*** Opening of DATASET ***
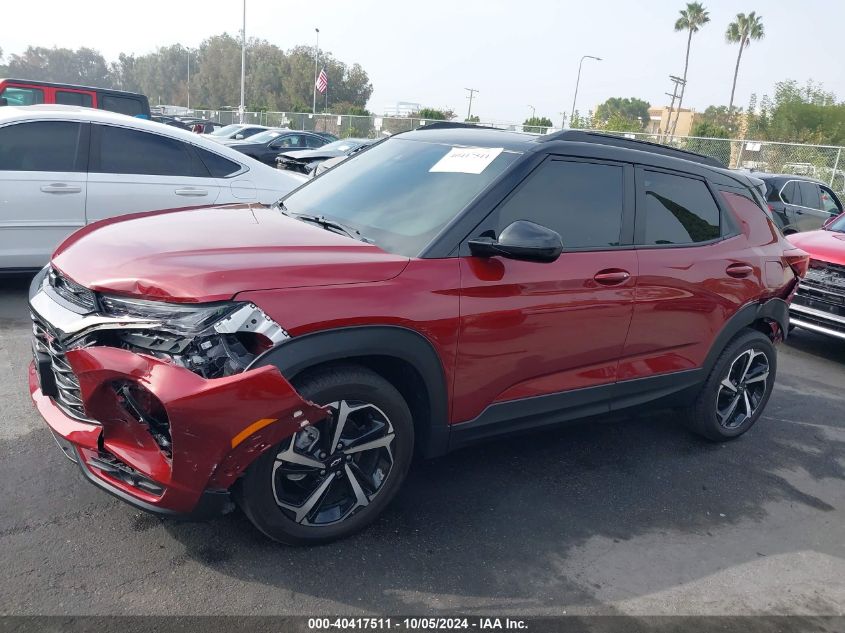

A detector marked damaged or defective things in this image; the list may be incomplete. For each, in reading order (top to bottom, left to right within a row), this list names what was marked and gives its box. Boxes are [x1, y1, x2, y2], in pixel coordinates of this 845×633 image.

cracked headlight housing [98, 296, 288, 378]
damaged red suv [29, 127, 808, 544]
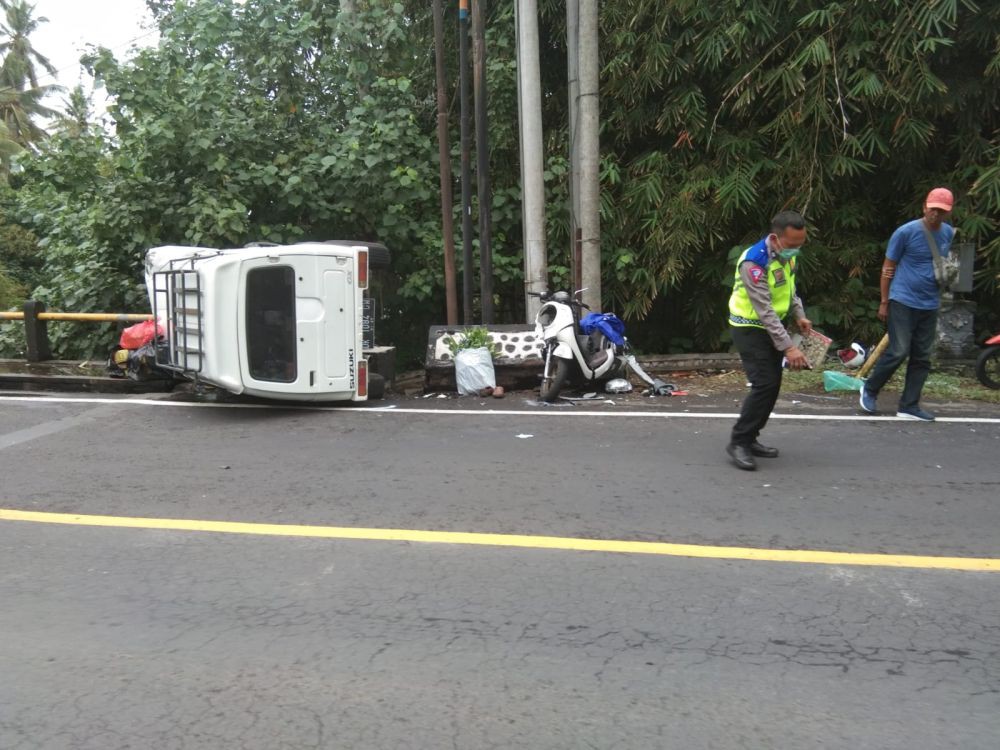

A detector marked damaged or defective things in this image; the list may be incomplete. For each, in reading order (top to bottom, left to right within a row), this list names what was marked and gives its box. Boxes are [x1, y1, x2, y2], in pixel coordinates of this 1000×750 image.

overturned white van [145, 244, 382, 402]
*** Close of DATASET ***
▶ _WHAT TO DO_:
Your output should be the records above, duplicated exactly and picture-free.

▶ _SOLUTION FOR THIS TASK_:
A detector marked damaged or defective things in this image; the list may be incomplete. For each, in reading order (top to bottom, left to right within a row), this list names what was marked and gives its box. Boxes are [x1, y1, x2, y2], in pixel coordinates of this 845×633 image.

cracked headlight housing [98, 296, 288, 378]
damaged red suv [29, 127, 808, 544]

A detector marked damaged or defective things in this image; the list may be incomplete. For each, in reading order (top to bottom, left to right within a row), this list names what was marked and gives its box. Boxes are [x1, y1, x2, y2], in pixel coordinates of this 1000×750 image.

overturned white van [145, 244, 382, 402]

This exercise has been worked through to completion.